You have a particular privacy problem here because one of the reasons that the Court ratified BSA reporting was because it accepted the congressional finding that the information collected would “have a high degree of usefulness in criminal, tax, or regulatory investigations or proceedings.”
Well, the facts on the ground today show that this information does not have a high degree of usefulness — to the tune of at least 30% and probably more. The BSA does not today have a reasonable relationship to discovering or preventing crime. It is an ongoing violation of our Fourth Amendment rights.
Like I said, I’m not just here to butter you up. I also have a solution to the problem you face. It is my third point, and probably the most dispensable because I don’t expect you to take it seriously.
If you want to solve the privacy problems that are at the heart of the BSA and FinCEN, you need to do two simple things: eliminate Currency Transaction Reporting and make Suspicious Activity Reporting voluntary. This would help you more than you probably expect.
First, it would eliminate over-reporting. What you have now is the sort of passive-aggressive response you get when you try to mandate good citizenship and penalize people for not doing right. Oh, you’re getting reports alright, and then some, because it’s safer to over-report than to report accurately. But they are not motivated by people trying to help. The BSA reduces good citizenship to a compliance matter, with less than stellar results.
Second, the information coming into the system would have a much closer relationship to crime control and discovery. It might even have a “high degree of usefulness.” Though I am a privacy advocate, I recognize that privacy gives way in our society when it might conceal crime or the fruits of crime. Good faith reporting of suspected crime already trumps privacy claims in our law, and that is good public policy.
Now, when I say that Suspicious Activity Reporting should be voluntary, I’m not actually calling for that great a change in what you do. The same outreach that goes on now could continue. Guidelines telling financial services providers what to look for should continue to issue. Your collection, analysis, and reporting functions could continue. You would just be working with data that is immensely more useful because it would actually be suspicious enough to motivate a citizen to report it.
So, I would recommend that you abandon the backward premise of the BSA, that good citizenship can be required, and make the leap of faith to relying on the goodness of the people out there in the financial services sector. You won’t be disappointed. You will have a better system, with less substantial privacy problems.
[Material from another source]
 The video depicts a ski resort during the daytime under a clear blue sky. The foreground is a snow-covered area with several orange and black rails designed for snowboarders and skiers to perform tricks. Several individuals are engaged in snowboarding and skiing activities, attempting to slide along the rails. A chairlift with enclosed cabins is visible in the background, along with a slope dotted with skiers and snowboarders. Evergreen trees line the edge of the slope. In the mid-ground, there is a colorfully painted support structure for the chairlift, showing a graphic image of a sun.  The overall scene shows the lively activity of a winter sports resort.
I don’t know what you folks think of the Total Information Awareness program or the CAPPS II program, but I am deeply skeptical of them, as are many Americans and Members of Congress. I have recently begun talking about the Bank Secrecy Act as the precedent that makes people think these government data mining programs are OK.
CAPPS II and the records in FinCEN have a common thread: they are databases of personal information about Americans that are shielded from our view by the law enforcement and national security exceptions to the Privacy Act. They are premised on collecting information about innocent Americans, presuming them to be part of a criminal enterprise rather than the hard-working honest people they are. This premise is inconsistent with principles and laws that are very fundamental to our way of life in the United States.
You have my gratitude for hearing my views on this, my thanks go to Director Sloan and Judith Starr for inviting me here, and I encourage you to think very carefully about the programs you are working on.